The insured owned property covered under a homeowner’s insurance policy. In June of 2014, the insured entered into a listing contract with a real estate agent for the sale of the property. The insured relocated out of state two months later. In October of 2014, the insured accepted an offer to sell the property for $275,000. Before the sale, the real estate agent discovered that water pipes had burst, causing significant damage.

It was alleged that an adjuster for the insurer estimated the damage at $80,000, and suggested that the insured may have sabotaged the property. The insured asserted there was no reason to sabotage the property because the $275,000 sale price far exceeded the amount left on the mortgage, and the buyer remained willing to purchase the property so long as repairs were made. The insurer wrote to the insured regarding coverage obligations and requesting further documentation. The insured timely responded to insurer’s request and provided the requested information.

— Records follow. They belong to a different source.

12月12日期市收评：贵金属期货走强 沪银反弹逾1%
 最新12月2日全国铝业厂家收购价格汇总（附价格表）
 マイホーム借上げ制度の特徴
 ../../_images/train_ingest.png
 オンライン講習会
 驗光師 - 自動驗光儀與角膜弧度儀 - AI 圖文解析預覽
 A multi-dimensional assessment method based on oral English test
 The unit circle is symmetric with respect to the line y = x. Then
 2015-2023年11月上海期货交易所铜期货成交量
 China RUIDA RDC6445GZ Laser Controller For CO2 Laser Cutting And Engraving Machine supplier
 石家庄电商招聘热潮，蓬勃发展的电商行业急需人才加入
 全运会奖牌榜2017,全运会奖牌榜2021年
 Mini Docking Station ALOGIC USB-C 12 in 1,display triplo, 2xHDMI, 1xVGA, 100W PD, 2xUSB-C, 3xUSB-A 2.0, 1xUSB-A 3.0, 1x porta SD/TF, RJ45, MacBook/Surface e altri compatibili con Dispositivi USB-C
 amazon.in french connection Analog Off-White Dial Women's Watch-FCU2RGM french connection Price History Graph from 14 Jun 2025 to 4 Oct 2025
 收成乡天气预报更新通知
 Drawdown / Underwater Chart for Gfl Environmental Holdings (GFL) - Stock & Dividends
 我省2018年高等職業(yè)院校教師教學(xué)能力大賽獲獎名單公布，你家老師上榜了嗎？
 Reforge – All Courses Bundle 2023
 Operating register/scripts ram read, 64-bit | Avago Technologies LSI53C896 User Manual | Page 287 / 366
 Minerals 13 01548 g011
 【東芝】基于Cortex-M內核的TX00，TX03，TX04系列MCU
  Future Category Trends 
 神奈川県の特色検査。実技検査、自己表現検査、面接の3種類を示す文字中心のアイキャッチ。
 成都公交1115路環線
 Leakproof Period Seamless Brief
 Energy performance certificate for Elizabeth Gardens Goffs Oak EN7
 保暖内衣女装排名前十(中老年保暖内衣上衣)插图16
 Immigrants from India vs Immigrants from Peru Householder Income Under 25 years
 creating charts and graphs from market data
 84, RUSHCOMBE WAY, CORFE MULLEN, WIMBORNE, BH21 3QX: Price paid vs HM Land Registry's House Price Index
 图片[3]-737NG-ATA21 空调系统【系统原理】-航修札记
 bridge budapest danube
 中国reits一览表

The insurer referred the claim to its fraud unit. The insured provided requested information to the fraud unit, and sat for multiple examinations under oath. The insurer also requested phone records, financial information, and utility records.

The sale of the property fell through, and the property entered foreclosure proceedings. Counsel for the insured requested documentation from the insurer. The insurer allegedly failed to provide all of the requested documentation, but maintained its request for the insured’s cell phone records and financial information.

The insurer ultimately forwarded benefits totaling $110,510.20 to the insured. However, the insured estimated her damages at $155,785, and filed suit for breach of contract and bad faith, among other claims.

The insurer responded by filing a motion to dismiss the insured’s breach of contract claim. The Court refused to dismiss this claim, holding that the complaint “sufficiently sets forth the damages [the insured] purportedly suffered as a result of [the insurer’s] conduct.”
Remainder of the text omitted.